(Work to be completed) Retype the lines of the material below, exactly and only, from the one containing "günstig online kaufen" through the last line, with pictures left out.

(The data)
------------------------------------

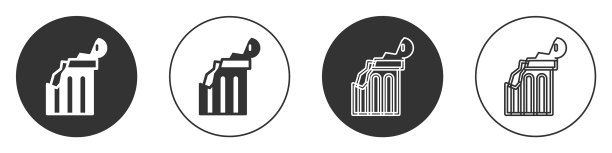 黑破古柱图标孤立上白图片下载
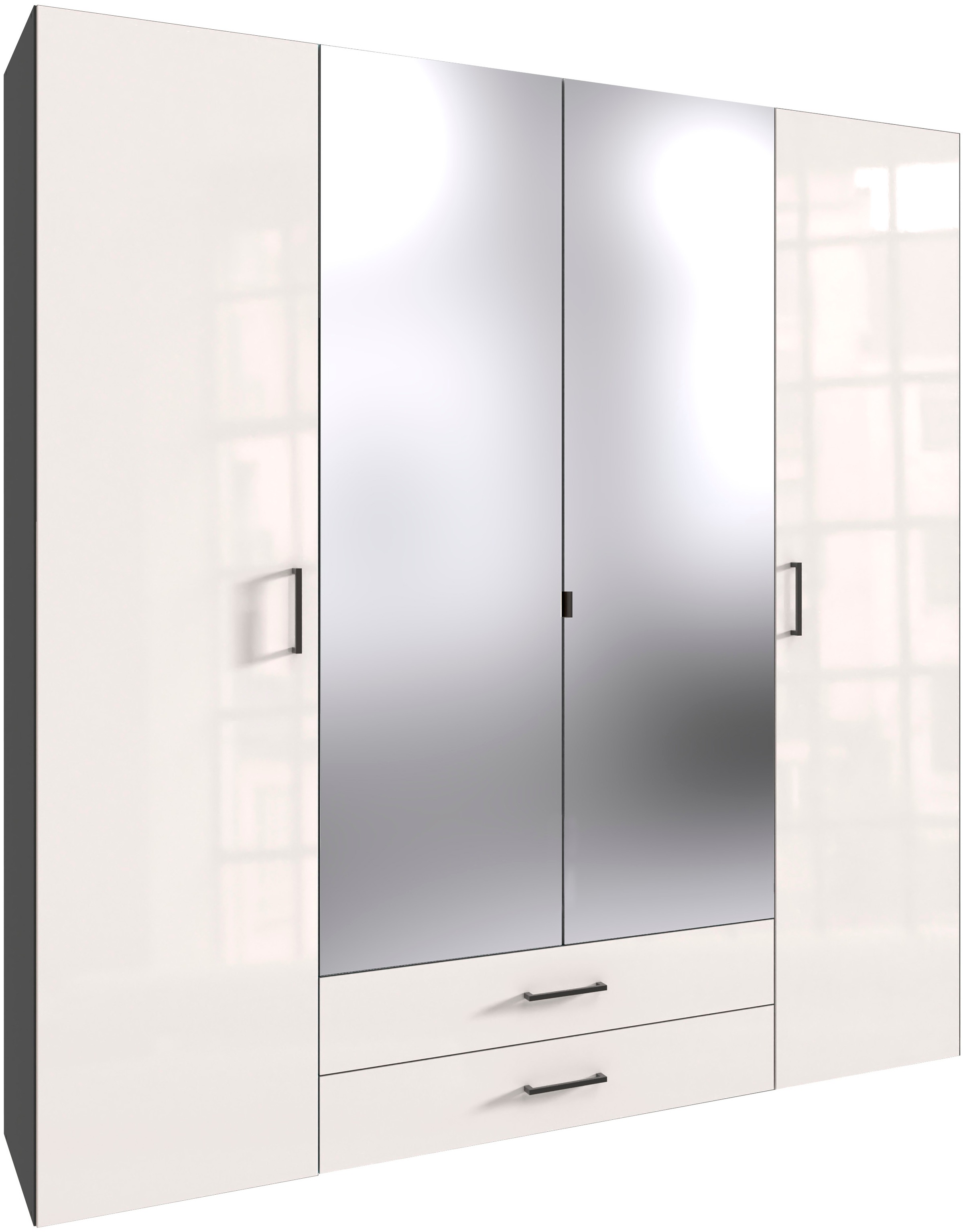 Wimex Drehtürenschrank »Mugano« mit langen oder kurzen Griffen aus Metall, günstig online kaufen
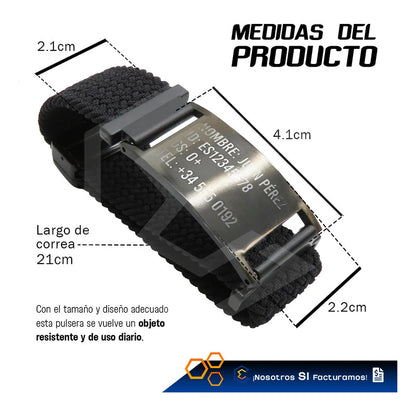 Pulsera Brazalete Identificación De Emergencia Grabado Láser Negro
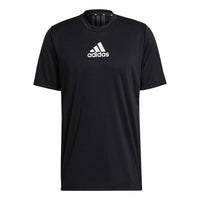adidas Logo Printing Training Sports Round Neck Short Sleeve Black GM2126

------------------------------------

(Exercise solution)
 Wimex Drehtürenschrank »Mugano« mit langen oder kurzen Griffen aus Metall, günstig online kaufen
 Pulsera Brazalete Identificación De Emergencia Grabado Láser Negro
adidas Logo Printing Training Sports Round Neck Short Sleeve Black GM2126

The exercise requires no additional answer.